WHAT IS BEING ASKED ▸
Give a verbatim copy of the data, leaving the pictures out.

DATASET CONTENT ▸
══════════════════════════════

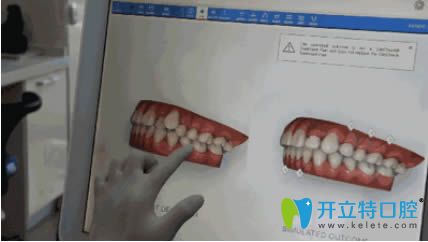 茅來(lái)發(fā)醫(yī)生講解牙齒正畸中的影像分析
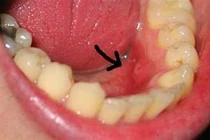 Dấu hiệu ban đầu của ung thư khoang miệng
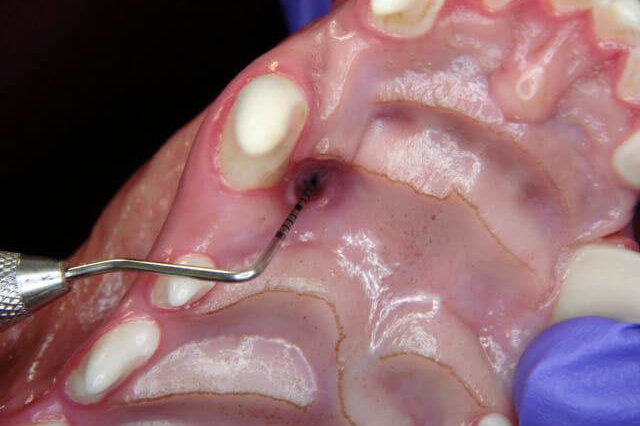 Animal Dental Clinic: exploring-the-oronasal-fistula-caused-by-malocclusion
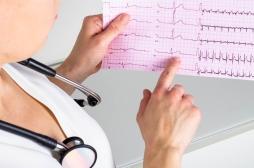 Fibrillation atriale : pourquoi la fréquence cardiaque se dérègle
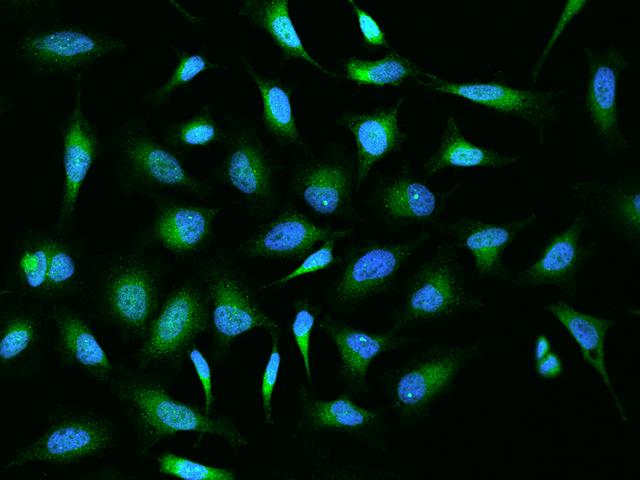 OS9 Antibody - Immunofluorescence staining of OS9 in HeLa cells. Cells were fixed with 4% PFA, permeabilzed with 0.1% Triton X-100 in PBS, blocked with 10% serum, and incubated with rabbit anti-Human OS9 polyclonal antibody (dilution ratio 1:200) at 4°C overnight. Then cells were stained with the Alexa Fluor 488-conjugated Goat Anti-rabbit IgG secondary antibody (green) and counterstained with DAPI (blue). Positive staining was localized to Cytoplasm.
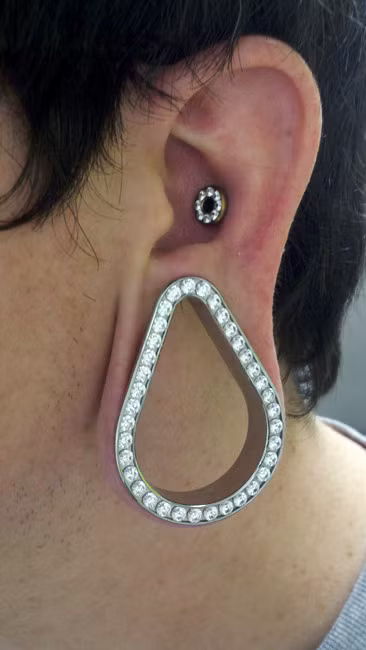 Kinh hai nhung vanh tai bien dang vi thu choi nong tai-Hinh-2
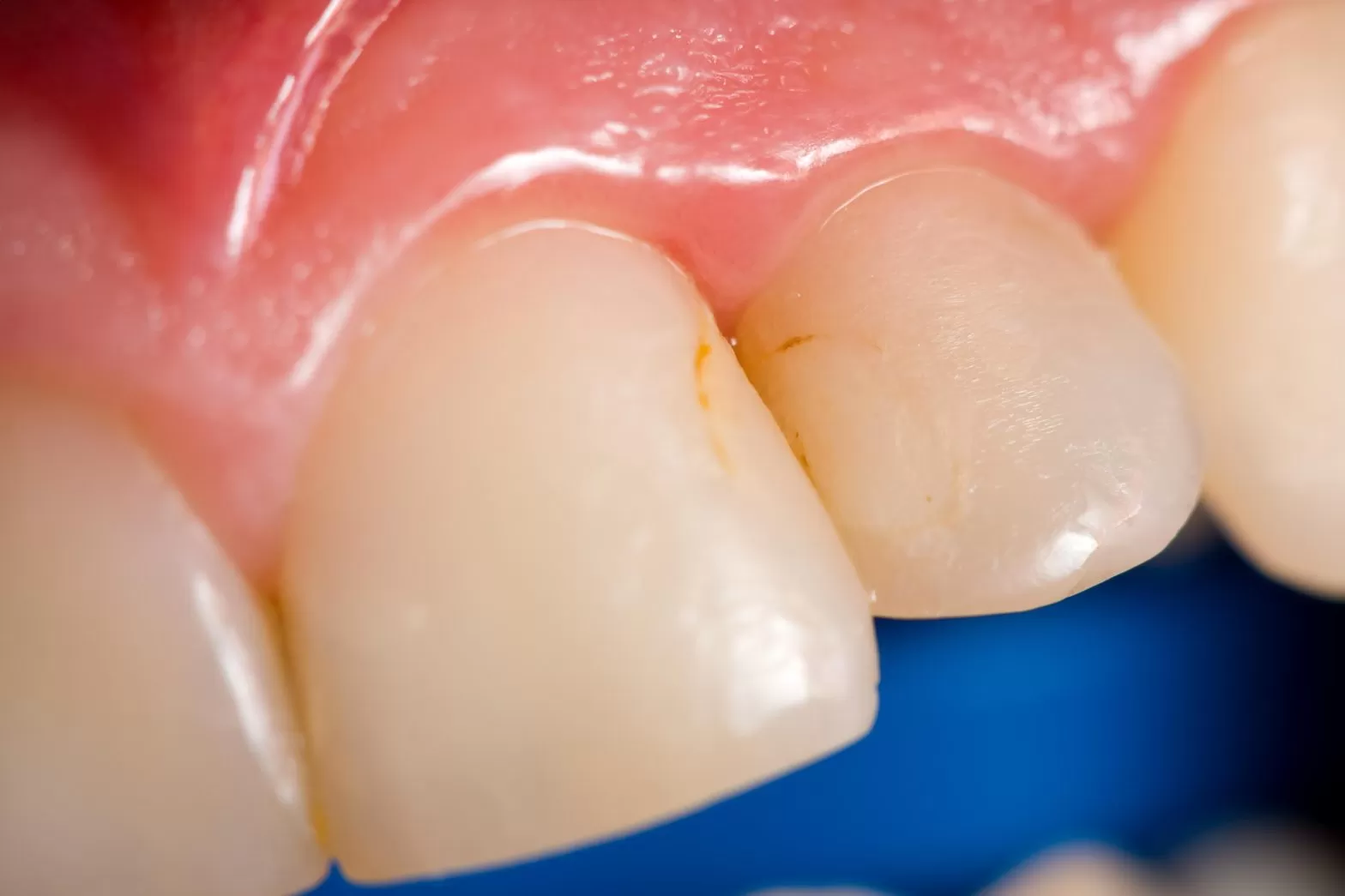 Brown Spots on Teeth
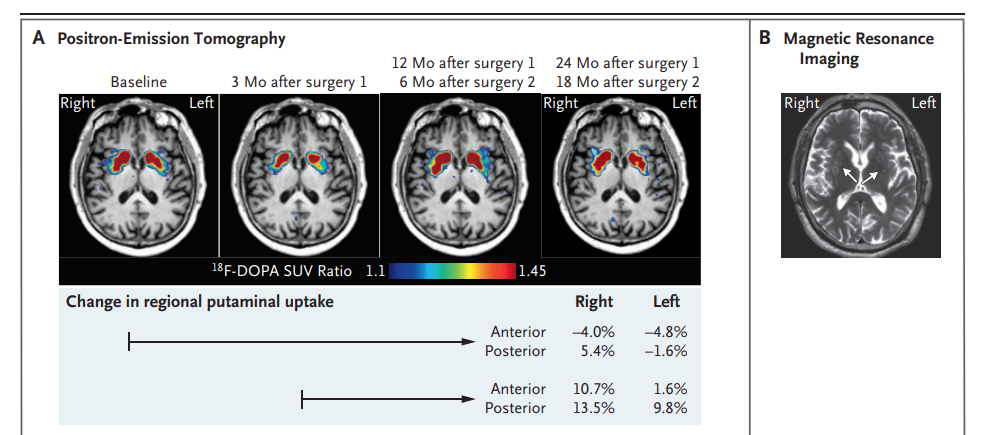 顯示了指示的時(shí)間點(diǎn)在基底神經(jīng)節(jié)水平的軸向氟18-L-二羥基苯丙氨酸（18 F-DOPA）正電子發(fā)射斷層掃描圖像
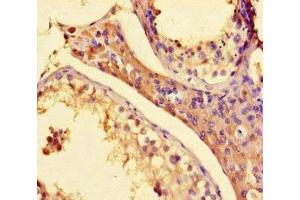 Immunohistochemistry of paraffin-embedded human testis tissue using ABIN7155509 at dilution of 1:100 (SETD1A anticorps  (AA 188-304))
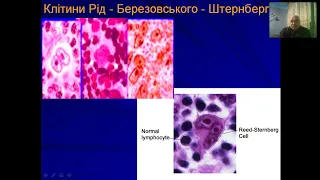 Лімфоми та мієломна хвороба. Доцент Павло Володимирович Матюхін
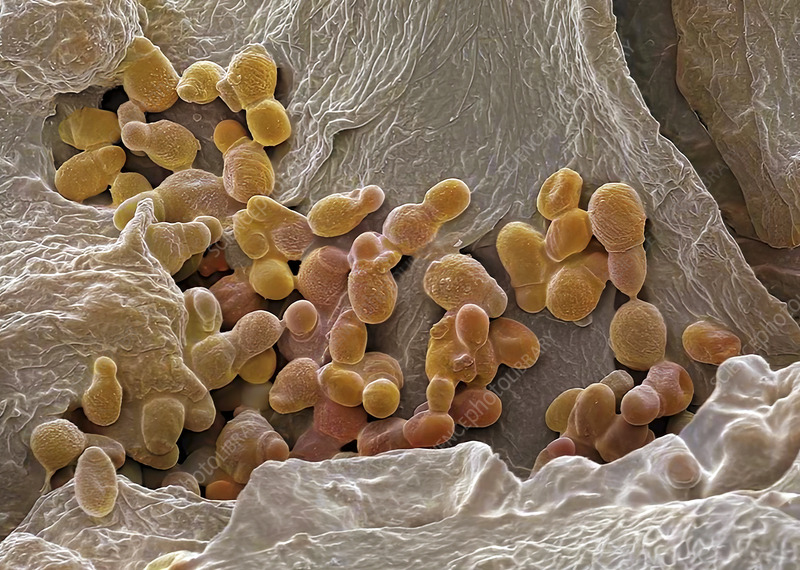 acne-treatment-bacteria
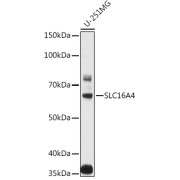 Western blot analysis of various lysates using SLC16A4 Antibody at 1/1000 dilution. Secondary antibody: HRP-conjugated Goat anti-Rabbit IgG (H+L) at 1/10000 dilution. Lysates/proteins: 25 µg per lane. Blocking buffer: 3% nonfat dry milk in TBST. Exposure time: 10s.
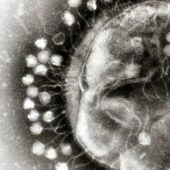 Бактериофаги, прикрепленные к клетке / ©Wkipedia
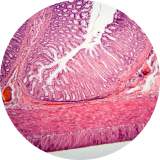 La pérdida de sangre por el recto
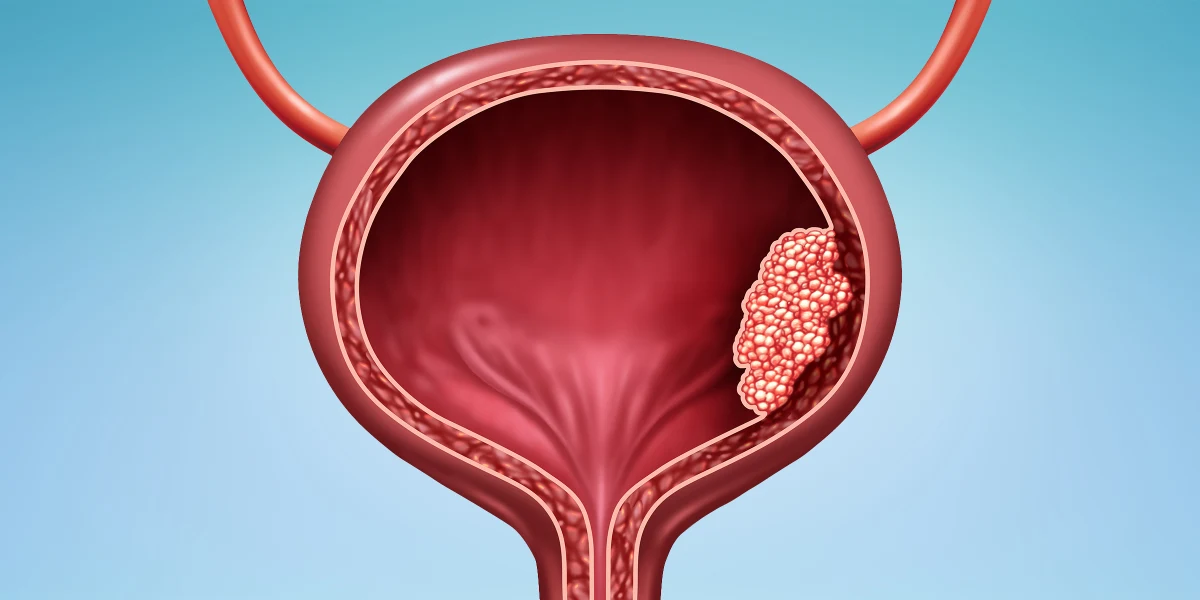 Urothelial Carcinoma Drug Shortages Insights from ASCO GU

══════════════════════════════

RESULT BELOW ▸
 茅來(lái)發(fā)醫(yī)生講解牙齒正畸中的影像分析
 Dấu hiệu ban đầu của ung thư khoang miệng
 Animal Dental Clinic: exploring-the-oronasal-fistula-caused-by-malocclusion
 Fibrillation atriale : pourquoi la fréquence cardiaque se dérègle
 OS9 Antibody - Immunofluorescence staining of OS9 in HeLa cells. Cells were fixed with 4% PFA, permeabilzed with 0.1% Triton X-100 in PBS, blocked with 10% serum, and incubated with rabbit anti-Human OS9 polyclonal antibody (dilution ratio 1:200) at 4°C overnight. Then cells were stained with the Alexa Fluor 488-conjugated Goat Anti-rabbit IgG secondary antibody (green) and counterstained with DAPI (blue). Positive staining was localized to Cytoplasm.
 Kinh hai nhung vanh tai bien dang vi thu choi nong tai-Hinh-2
 Brown Spots on Teeth
 顯示了指示的時(shí)間點(diǎn)在基底神經(jīng)節(jié)水平的軸向氟18-L-二羥基苯丙氨酸（18 F-DOPA）正電子發(fā)射斷層掃描圖像
 Immunohistochemistry of paraffin-embedded human testis tissue using ABIN7155509 at dilution of 1:100 (SETD1A anticorps  (AA 188-304))
 Лімфоми та мієломна хвороба. Доцент Павло Володимирович Матюхін
 acne-treatment-bacteria
 Western blot analysis of various lysates using SLC16A4 Antibody at 1/1000 dilution. Secondary antibody: HRP-conjugated Goat anti-Rabbit IgG (H+L) at 1/10000 dilution. Lysates/proteins: 25 µg per lane. Blocking buffer: 3% nonfat dry milk in TBST. Exposure time: 10s.
 Бактериофаги, прикрепленные к клетке / ©Wkipedia
 La pérdida de sangre por el recto
 Urothelial Carcinoma Drug Shortages Insights from ASCO GU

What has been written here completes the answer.